Work task: In the material below, the lines between the one holding "waist portrait of" and the one holding "31 Piece Crochet", inclusive, are to be set down word for word. Pictures stay out.

Provided material:
========

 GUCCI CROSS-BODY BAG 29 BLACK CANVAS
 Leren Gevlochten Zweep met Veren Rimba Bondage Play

========

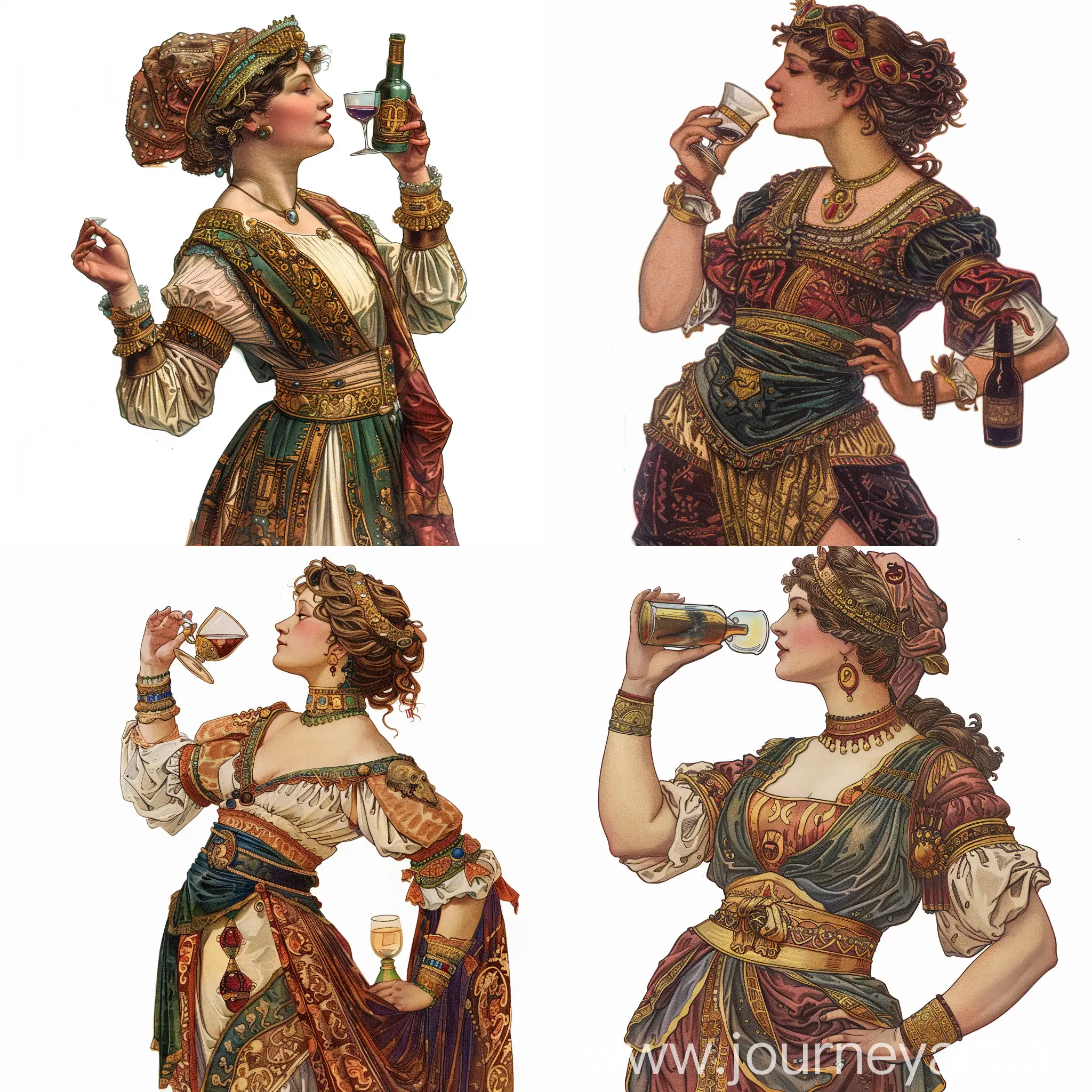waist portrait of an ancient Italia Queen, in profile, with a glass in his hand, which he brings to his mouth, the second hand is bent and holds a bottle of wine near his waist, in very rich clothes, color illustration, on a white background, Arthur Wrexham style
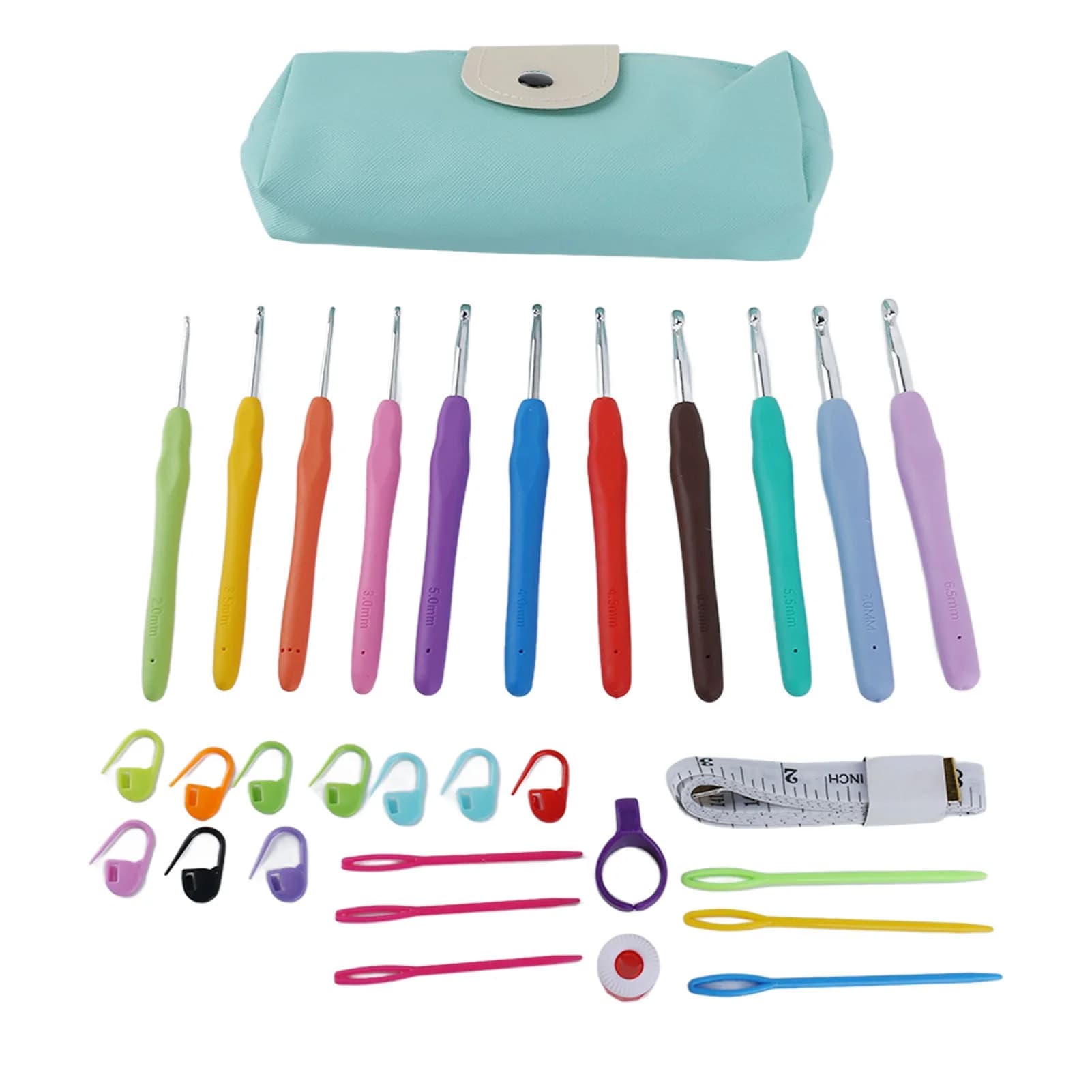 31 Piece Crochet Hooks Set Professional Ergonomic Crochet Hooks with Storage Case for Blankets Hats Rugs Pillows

========

Response box:
waist portrait of an ancient Italia Queen, in profile, with a glass in his hand, which he brings to his mouth, the second hand is bent and holds a bottle of wine near his waist, in very rich clothes, color illustration, on a white background, Arthur Wrexham style
 31 Piece Crochet Hooks Set Professional Ergonomic Crochet Hooks with Storage Case for Blankets Hats Rugs Pillows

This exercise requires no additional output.